Records drawn from a dataset:

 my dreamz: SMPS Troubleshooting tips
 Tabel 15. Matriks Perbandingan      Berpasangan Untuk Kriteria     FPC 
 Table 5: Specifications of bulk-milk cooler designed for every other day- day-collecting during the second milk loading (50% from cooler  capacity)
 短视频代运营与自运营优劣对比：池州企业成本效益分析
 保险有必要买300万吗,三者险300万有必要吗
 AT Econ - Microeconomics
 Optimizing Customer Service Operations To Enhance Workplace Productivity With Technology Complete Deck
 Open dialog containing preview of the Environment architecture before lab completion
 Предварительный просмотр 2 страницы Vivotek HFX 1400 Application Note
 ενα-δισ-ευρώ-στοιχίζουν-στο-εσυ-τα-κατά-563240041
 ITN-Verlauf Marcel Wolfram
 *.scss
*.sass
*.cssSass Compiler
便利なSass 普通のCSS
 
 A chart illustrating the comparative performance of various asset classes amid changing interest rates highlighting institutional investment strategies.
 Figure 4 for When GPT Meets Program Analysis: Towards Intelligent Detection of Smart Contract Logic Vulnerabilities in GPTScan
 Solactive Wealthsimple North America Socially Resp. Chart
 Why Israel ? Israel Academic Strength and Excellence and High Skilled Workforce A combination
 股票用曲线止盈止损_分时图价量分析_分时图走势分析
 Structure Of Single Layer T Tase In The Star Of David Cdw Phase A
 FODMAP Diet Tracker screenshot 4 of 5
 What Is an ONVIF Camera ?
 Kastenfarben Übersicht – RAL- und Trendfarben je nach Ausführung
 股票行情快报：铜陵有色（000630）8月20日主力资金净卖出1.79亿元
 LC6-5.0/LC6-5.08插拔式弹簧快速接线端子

Assignment
Nothing should be returned except the lines from the first line of the data above through the line with "便利なSass 普通のCSS", each one exact.

Response to this exercise
 my dreamz: SMPS Troubleshooting tips
 Tabel 15. Matriks Perbandingan      Berpasangan Untuk Kriteria     FPC 
 Table 5: Specifications of bulk-milk cooler designed for every other day- day-collecting during the second milk loading (50% from cooler  capacity)
 短视频代运营与自运营优劣对比：池州企业成本效益分析
 保险有必要买300万吗,三者险300万有必要吗
 AT Econ - Microeconomics
 Optimizing Customer Service Operations To Enhance Workplace Productivity With Technology Complete Deck
 Open dialog containing preview of the Environment architecture before lab completion
 Предварительный просмотр 2 страницы Vivotek HFX 1400 Application Note
 ενα-δισ-ευρώ-στοιχίζουν-στο-εσυ-τα-κατά-563240041
 ITN-Verlauf Marcel Wolfram
 *.scss
*.sass
*.cssSass Compiler
便利なSass 普通のCSS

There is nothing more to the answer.